Ricordate il film di Alberto Sordi “Finchè c’è guerra, c’è speranza” , un affresco agrodolce sul traffico d’armi e sull’italica ipocrisia. Buonisti a parole e speculatori nei fatti. Nulla è cambiato da allora. Anzi. Lo conferma l’ultima Relazione al Parlamento sulle operazioni autorizzate e svolte per il controllo dell’esportazione, importazione e transito dei materiali di armamento. Dati, numeri e nomi. In cima alla lista vi sono le “banche armate”, ovvero gli istituti di credito che si arricchiscono proprio con il business delle armi. Qualche cifra. Nel corso del 2016 il valore delle transazioni bancarie legate all’export di armamenti è cresciuto dell’80% passando da 4 miliardi a 7,2 miliardi di euro.
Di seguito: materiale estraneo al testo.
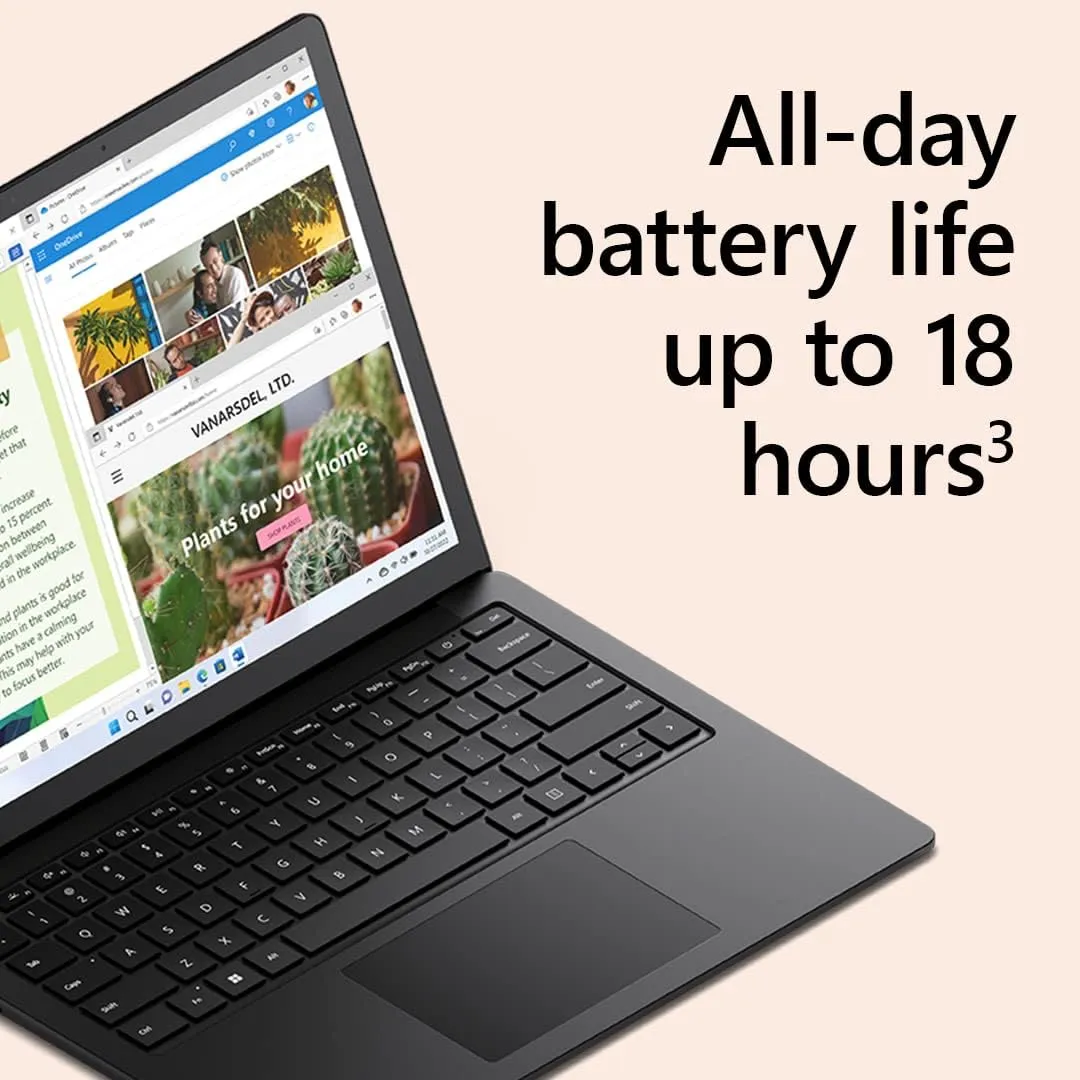 Microsoft Surface Laptop 5 (2022), 13.5" Touch Screen, Thin & Lightweight, Long Battery Life, Fast Intel i5 Processor for Multi-Tasking, 8GB RAM, 512GB Storage with Windows 11, Black Microsoft Copilot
Ma chi sono le “banche armate”? Accanto alle straniere Deutsche Bank e Credit Agricole, troviamo Unicredit: nel 2016 l’industria bellica ha fatto registrare un incremento nei suoi conti correnti del 356% rispetto al 2015. Seguono la misconosciuta Banca Valsabbina, piccola banca cooperativa del bresciano (le sue transazioni armate sono cresciute dal 2015 al 2016 addirittura del 763,8%) poi Intesa Sanpaolo, Ubi Banca, Banca Popolare di Sondrio, Banca Popolare dell’Emilia Romagna, Banca Carige, alcune altre popolari minori e nella classifica dei “conti armati” troviamo perfino Poste Italiane.
Ma le sorprese non sono finite. Continuando a spulciare il fatidico elenco troviamo anche una new entry : la Sace Fct , terminale di factoring di Sace, la società per azioni del gruppo italiano Cassa depositi e prestiti (Cdp), ovvero lo Stato. Ricordiamo che la Cassa è controllata all’80% dal Ministero dell’Economia e delle Finanze, ovvero dal governo Gentiloni. Buona guerra a tutti e tanti saluti ai pacifisti!